Prerequisite	Description
Port Preparation	Allow the migration and sync node (Worker) to connect to the LLM and the vector database.

Parameters

Parameter	Description
uriPrefix	The URI prefix of RagApi chat service to receive queries and send back the response generated by the model. Default value: `/v1/chat/completions`
contentUriPrefix	The URI prefix of RagApi information retrieval service to retrive relevant vectors.
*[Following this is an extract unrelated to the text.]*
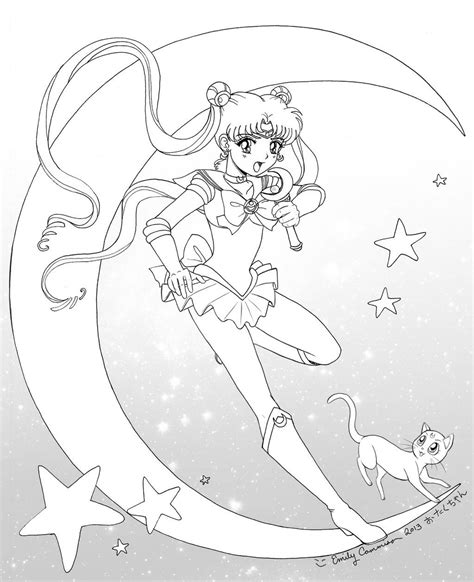 Sailor Moon And Luna Lineart By Otakuec On Deviantart Barbie Coloring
Default value: `/v1/content/retrieve`
retrieveMaxResults	Configure the maximum number of results returned by the retriever to limit the number of most relevant entries in the vector search
retrieveMinScore	Configure the minimum score threshold for the retriever to return results. The higher the score is, the more relevant the result is. Only content with a score above this threshold will be considered.
contentPrompt	Configure the prompt template, defining how to combine the user question with the retrieved content into a complete prompt. You can use {{context}} and {{query}} as variable placeholders.
enabledPromptFunctions	Prompt functions that can be enabled (seperated by comma). Optional functions: KNOWLEDGE_SELECT(Select the most relevant content automatically. Supports automatic routing of multiple knowledge bases.) QUERY_COMPRESS(Compress queries) QUERY_EXTEND（Extend queries） Example: `KNOWLEDGE_SELECT,QUERY_COMPRESS`
compressContentPrompt	Prompt for query compression, telling the system how to simplify the input text. You can use {{chatMemory}} and {{query}} as variable placeholders. This will only work when QUERY_COMPRESS is enabled in enabledPromptFunctions.
extendContentPrompt	Prompt for query extention, telling the system how to enrich the original query by adding relevant context. You can use {{query}} as a variable placeholder, which only works when QUERY_EXTEND is enabled in enabledPromptFunctions.
extendContentCount	Set the number of entries generated when content is extended. This only works when QUERY_EXTEND is enabled in enabledPromptFunctions.
mcpServers	JSON for configuring available MCP servers, defining how to call the tools (e.g. command line or HTTP). eg: { "mcpServers": { "github": { "command": "docker", "args": [ "run", "-i", "--rm", "-e", "GITHUB_PERSONAL_ACCESS_TOKEN", "mcp/github" ], "env": { "GITHUB_PERSONAL_ACCESS_TOKEN": "<YOUR_TOKEN>" } } } }
maxChatMemory	The maximum number of messages retained in the chat context, defining how many rounds of conversation can be seen during model reasoning.
toolMaxInvokeCount	The maximum number of tool calls allowed in a single session, used to limit the call depth and prevent tool execution from falling into an infinite loop.

Tips: To modify the general parameters, see General Parameters and Functions.